Herr Minister! Frau Lapp! Meine sehr geehrten Damen und Herren! Wen kennen Sie, der es sich in Österreich noch leisten könnte, dass er um 480 € netto zwei Wochen lang – Tag und Nacht – da sein muss? Wen kennen Sie? – Ich kenne niemanden. Ich kenne niemanden, und viele Betroffene wie ich – wir haben gesucht – kennen auch niemanden, weil es ganz einfach nicht möglich ist, dass man zwei Wochen um 480 € netto durcharbeitet. Man kann es physisch nicht leisten, zwei Wochen durchzuarbeiten, und man kann mit 480 € netto nicht leben. Sie können nicht leben von diesem Gehalt, aber mehr können die Betroffenen nicht zahlen, weil sie das Geld nicht haben, Herr Mi­nister.

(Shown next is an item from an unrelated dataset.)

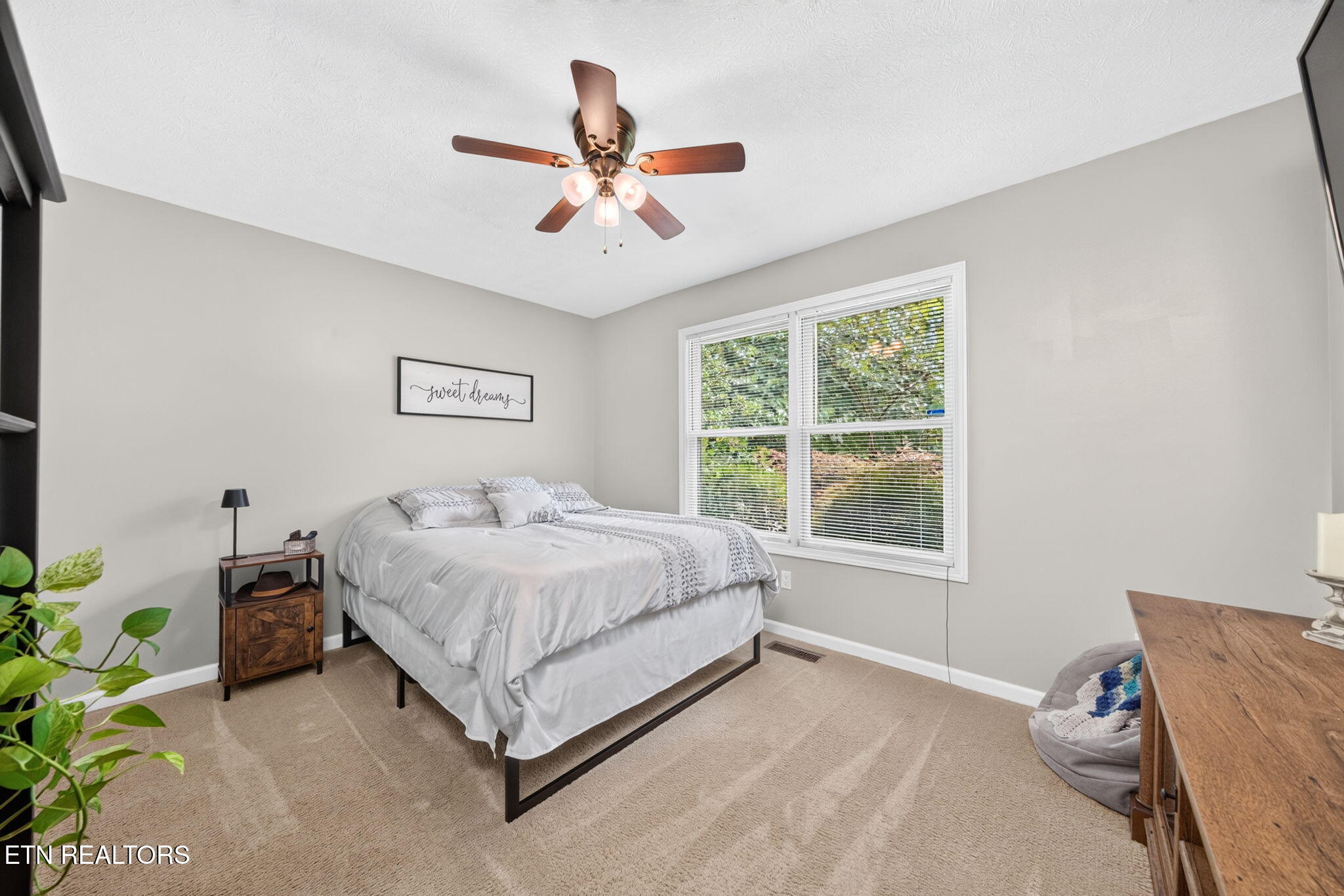 317 Georgee Road Jamestown TN 38556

Wenn diese jetzt ausgebildeten PflegehelferInnen gezwungen werden, sich zu ent­scheiden, entweder das Arbeitslosengeld weiter zu bekommen oder diese 480-€-netto-Jobs zu machen, dann werden sie mit 480 € nicht leben können und das Arbeitslosen­geld werden sie nicht bekommen. Die Betroffenen können nicht mehr zahlen, weil sie ganz einfach das Geld nicht haben.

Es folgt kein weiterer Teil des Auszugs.